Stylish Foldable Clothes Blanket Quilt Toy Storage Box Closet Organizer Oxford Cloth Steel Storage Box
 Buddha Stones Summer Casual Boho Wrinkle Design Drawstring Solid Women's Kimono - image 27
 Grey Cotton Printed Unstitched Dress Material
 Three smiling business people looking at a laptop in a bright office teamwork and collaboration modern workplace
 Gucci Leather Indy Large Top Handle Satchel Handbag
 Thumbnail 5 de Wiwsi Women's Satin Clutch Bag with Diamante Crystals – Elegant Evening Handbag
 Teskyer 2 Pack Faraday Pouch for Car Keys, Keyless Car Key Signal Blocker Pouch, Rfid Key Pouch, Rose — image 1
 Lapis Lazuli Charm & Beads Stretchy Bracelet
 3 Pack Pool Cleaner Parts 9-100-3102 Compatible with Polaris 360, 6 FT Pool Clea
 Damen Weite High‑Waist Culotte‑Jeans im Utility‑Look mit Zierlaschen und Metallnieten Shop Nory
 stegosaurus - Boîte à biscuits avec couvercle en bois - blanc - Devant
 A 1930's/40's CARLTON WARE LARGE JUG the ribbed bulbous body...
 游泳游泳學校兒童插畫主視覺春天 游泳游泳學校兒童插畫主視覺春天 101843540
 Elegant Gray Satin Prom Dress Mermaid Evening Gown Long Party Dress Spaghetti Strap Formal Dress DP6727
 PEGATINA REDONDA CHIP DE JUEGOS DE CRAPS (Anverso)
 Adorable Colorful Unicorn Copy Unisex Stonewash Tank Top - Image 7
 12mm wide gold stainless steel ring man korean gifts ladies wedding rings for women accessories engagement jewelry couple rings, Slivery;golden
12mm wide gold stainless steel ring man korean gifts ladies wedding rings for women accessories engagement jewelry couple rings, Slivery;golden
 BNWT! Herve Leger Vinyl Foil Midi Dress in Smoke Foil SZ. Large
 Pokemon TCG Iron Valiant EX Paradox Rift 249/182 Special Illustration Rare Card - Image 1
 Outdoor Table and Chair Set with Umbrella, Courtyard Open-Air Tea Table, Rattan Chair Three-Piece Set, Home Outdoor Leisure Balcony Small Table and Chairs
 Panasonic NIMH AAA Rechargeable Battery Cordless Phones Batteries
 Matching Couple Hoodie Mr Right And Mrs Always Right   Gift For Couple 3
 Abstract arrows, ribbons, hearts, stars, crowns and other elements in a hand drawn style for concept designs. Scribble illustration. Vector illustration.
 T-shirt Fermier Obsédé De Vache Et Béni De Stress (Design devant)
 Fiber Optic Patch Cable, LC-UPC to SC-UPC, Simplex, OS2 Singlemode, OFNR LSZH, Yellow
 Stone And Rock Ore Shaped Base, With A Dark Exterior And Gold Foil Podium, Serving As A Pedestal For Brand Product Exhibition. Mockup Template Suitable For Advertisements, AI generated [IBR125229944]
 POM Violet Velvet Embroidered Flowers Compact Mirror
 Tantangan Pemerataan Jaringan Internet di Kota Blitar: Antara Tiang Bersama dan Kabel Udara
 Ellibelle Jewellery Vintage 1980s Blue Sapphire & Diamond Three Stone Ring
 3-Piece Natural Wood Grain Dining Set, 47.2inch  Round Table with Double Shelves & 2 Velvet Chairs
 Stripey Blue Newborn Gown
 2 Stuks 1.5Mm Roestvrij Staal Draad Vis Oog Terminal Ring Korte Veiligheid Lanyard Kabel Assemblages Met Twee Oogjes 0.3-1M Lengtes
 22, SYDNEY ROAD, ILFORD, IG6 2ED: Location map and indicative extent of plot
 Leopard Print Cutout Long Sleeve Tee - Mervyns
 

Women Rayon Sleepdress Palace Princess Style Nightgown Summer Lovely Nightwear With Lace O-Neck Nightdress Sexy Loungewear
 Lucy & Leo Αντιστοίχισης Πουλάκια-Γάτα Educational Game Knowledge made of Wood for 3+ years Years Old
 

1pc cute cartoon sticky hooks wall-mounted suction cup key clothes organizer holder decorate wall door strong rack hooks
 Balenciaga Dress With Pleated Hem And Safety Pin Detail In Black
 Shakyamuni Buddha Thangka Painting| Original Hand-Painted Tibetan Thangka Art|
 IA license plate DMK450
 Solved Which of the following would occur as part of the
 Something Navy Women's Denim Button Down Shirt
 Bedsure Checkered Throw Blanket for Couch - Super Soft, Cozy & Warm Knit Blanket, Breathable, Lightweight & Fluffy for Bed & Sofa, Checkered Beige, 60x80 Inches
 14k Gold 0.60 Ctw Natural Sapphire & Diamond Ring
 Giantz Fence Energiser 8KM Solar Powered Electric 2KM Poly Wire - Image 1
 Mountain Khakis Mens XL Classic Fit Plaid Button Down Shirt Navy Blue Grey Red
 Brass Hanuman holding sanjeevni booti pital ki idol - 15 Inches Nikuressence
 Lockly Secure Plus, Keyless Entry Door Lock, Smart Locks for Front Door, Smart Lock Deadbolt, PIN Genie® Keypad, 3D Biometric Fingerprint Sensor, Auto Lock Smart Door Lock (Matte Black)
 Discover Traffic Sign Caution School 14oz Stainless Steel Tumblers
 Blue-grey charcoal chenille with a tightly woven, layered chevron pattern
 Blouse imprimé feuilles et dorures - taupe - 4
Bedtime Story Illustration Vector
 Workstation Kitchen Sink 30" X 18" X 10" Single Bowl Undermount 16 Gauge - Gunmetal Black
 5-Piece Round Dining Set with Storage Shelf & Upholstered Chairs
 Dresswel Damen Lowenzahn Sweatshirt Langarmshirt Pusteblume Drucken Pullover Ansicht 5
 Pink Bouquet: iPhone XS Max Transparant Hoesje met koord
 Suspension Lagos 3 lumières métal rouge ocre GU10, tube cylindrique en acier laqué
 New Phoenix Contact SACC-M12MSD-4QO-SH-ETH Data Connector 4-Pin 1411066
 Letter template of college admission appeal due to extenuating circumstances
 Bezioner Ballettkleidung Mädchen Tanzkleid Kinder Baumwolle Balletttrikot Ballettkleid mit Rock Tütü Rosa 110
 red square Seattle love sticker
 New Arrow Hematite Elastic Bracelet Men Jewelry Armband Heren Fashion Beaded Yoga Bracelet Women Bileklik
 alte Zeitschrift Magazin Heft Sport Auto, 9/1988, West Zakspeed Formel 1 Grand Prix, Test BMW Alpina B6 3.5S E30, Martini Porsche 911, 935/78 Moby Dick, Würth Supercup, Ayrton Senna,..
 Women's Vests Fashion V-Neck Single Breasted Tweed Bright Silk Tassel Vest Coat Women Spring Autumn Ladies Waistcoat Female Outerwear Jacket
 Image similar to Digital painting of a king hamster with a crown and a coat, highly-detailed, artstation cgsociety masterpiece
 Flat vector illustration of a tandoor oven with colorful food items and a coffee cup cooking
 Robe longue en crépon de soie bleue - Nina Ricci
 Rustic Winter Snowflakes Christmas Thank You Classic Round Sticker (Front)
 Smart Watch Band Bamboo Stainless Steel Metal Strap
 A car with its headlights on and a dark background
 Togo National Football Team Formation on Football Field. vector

Task requirements:
Track down every line in the entries that includes the string "Classic", and copy it.

Finished task:
 Mountain Khakis Mens XL Classic Fit Plaid Button Down Shirt Navy Blue Grey Red
 Rustic Winter Snowflakes Christmas Thank You Classic Round Sticker (Front)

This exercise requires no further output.